When people ask me about life in Rwanda, I tell them that there are many great elements of life here.  
  • I usually get enough exercise  because I walk everywhere and the work days are short enough that I have time to go for a run or do a workout video.   
  • Except for bread, porridge, Quaker oats, pasta, and flour, nothing is processed.  Everything is fresh and made from scratch.  The bread is freshly baked.  I eat lettuce and spinach harvested from our garden and avocados pulled from the school's trees.  I drink herbal teas made from lemongrass and mint, which are also taken from the garden.  I definitely get my daily recommended serving of fruits and vegetables each day.
  • The landscape is beautiful.  Green rolling hills, oftentimes terraced with fields.  Blue sky with white, puffy clouds.  Rainstorms that roll in and fill buckets of water in less than 10 minutes.  Tropical flowers, like hibiscus, that grow year-round.  Lake Kivu surrounded by hills.  Wow!  The natural scenery of Rwanda is hard to beat.
  • I live 5 minutes from a church that has two Masses a day and there is a chapel just next door to my house.   

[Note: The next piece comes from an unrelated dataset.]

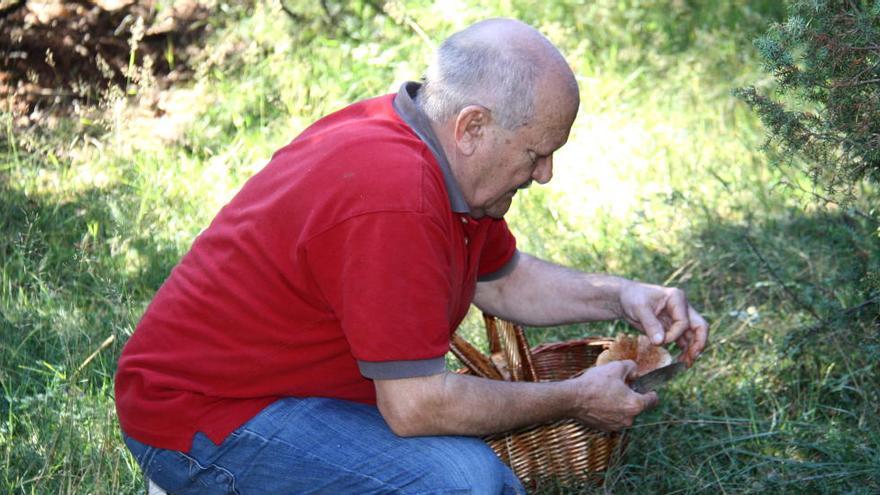 Un estudi conclou que els boscos mediterranis produeixen més bolets que els nòrdics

  • The neighborly, community spirit is alive and well.  People encourage me to stop by for a visit anytime and they really mean it.  When I see people I know at Mass, in the city center, or in the street, we pretty much always great each other.  I am sure to get at least a verbal greeting but, more likely, a handshake or two-handed embrace with a three-touch head bump.  That last one is difficult to describe, but imagine the French cheek-kissing and replace it with touching the brows of the forehead three times while grasping the person's upper arms.  Some expats think it's awkward, but I like knowing that physical contact is expected.  When I greet someone in the States, I never know if a wave and "hello" suffices or if I should extend my hand or offer a hug.  I don't mind physical touch; I just don't want it to be awkward when it happens.

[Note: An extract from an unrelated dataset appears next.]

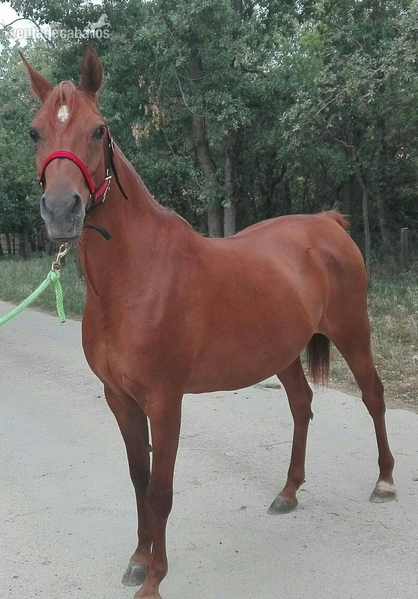 Yegua arabe pure spanish in 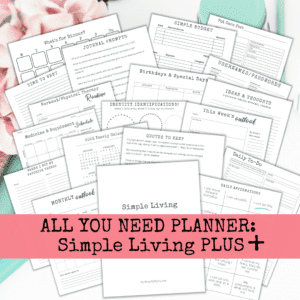 All You Need Planner Plus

One thing that is missing, though, is food diversity.  As a native Californian, I love ethnic (even if it's Americanized) food: Mexican, Chinese, Italian, Indian, etc.  I miss Mexican food the most, which is why I keep trying to prepare dishes that will get close to the Mexican food I miss.  After some trial and error, I finally made a Mexican meal yesterday that was delicious!  If you want to try your hand making Mexican soft-shell tacos from scratch with Rwandan-only ingredients, here you go:
  • 2 cups flour
  • 2 tsp. baking powder
  • 1/2 - 1 tsp. salt
  • 1/4 c. oil
  • 2 c. warm water
  • 4 c. flour
  • Mix together flour, baking powder, and salt.  Make a well and add oil mixed with water.  Add flour.
  • Mix and knead, then let sit for 5 minutes.  Make small balls, then roll them out with a rolling pin.
  • Put it in a really hot skillet for a couple minutes on each side.

2 tablespoons oil
2 tablespoons chopped onion
1 1/2 cups uncooked white rice
2 cups chicken broth
1 cup chunky salsa = 1 cup tomato sauce, 2 diced tomatoes, 1 tsp chili powder
Heat oil in a large, heavy skillet over medium heat. Stir in onion, and cook until tender, about 5 minutes.
Mix rice into skillet, stirring often. When rice begins to brown, stir in chicken broth and salsa. Reduce heat, cover and simmer 20 minutes, until liquid has been absorbed.


2 avocados
1 small onion, finely chopped
1 clove garlic, minced
1 ripe tomato, chopped
1 lemon, juiced
salt and pepper to taste
Peel and mash avocados in a medium serving bowl. Stir in onion, garlic, tomato, lime juice, salt and pepper. Season with remaining lime juice and salt and pepper to taste. Since I finally have cilantro plants in the garden, I added a few chopped leaves to the guac yesterday.  Chill for half an hour to blend flavors. 
Grow black beans in your garden since they can't be purchased in Rwanda.  After soaking them overnight, cook them and sliced onions in water for ~ 1 1/2 hours.  Serve without the juice.

Put everything together in the tortillas, along with shredded cheese, and voila, tacos that remind me of home!
An earlier attempt using corn-crepe tortillas and no guacamole.